■ COLLECTED DATA:
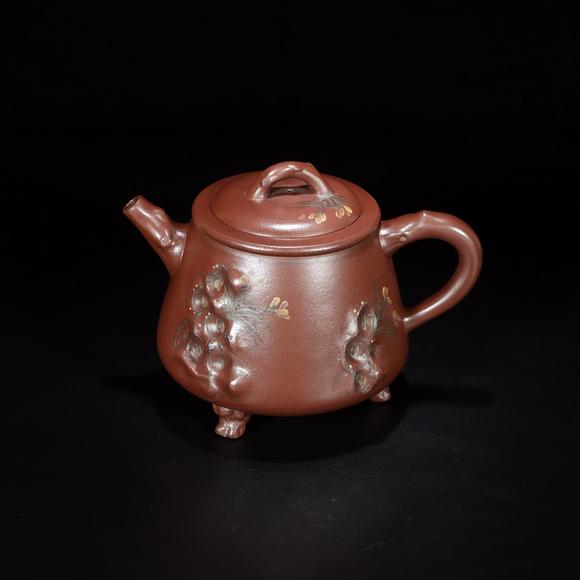 顾景舟作三足梅桩紫砂壶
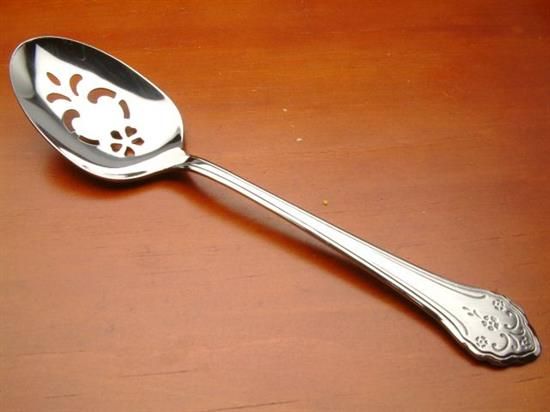 Picture of Pierced Tableserv.spn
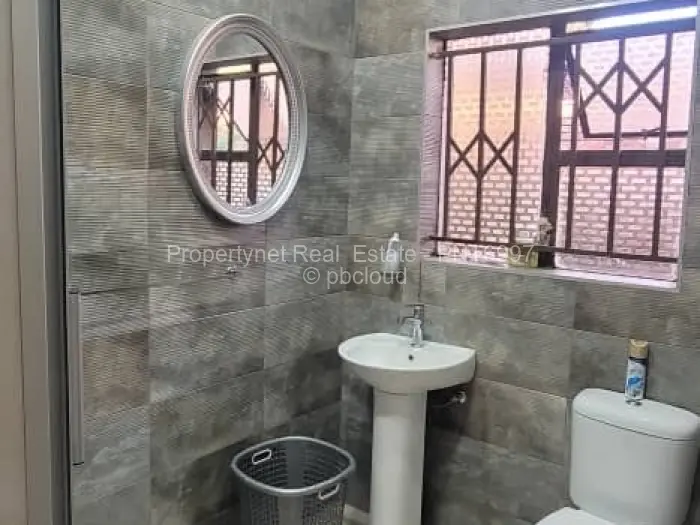 5 Bedroom House for Sale in Helensvale, Harare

■ HOW TO COMPLETE THIS TASK: Retype the data word for word and keep the pictures out of it.

■ ANSWER TO THE PROBLEM:
 顾景舟作三足梅桩紫砂壶
 Picture of Pierced Tableserv.spn
 5 Bedroom House for Sale in Helensvale, Harare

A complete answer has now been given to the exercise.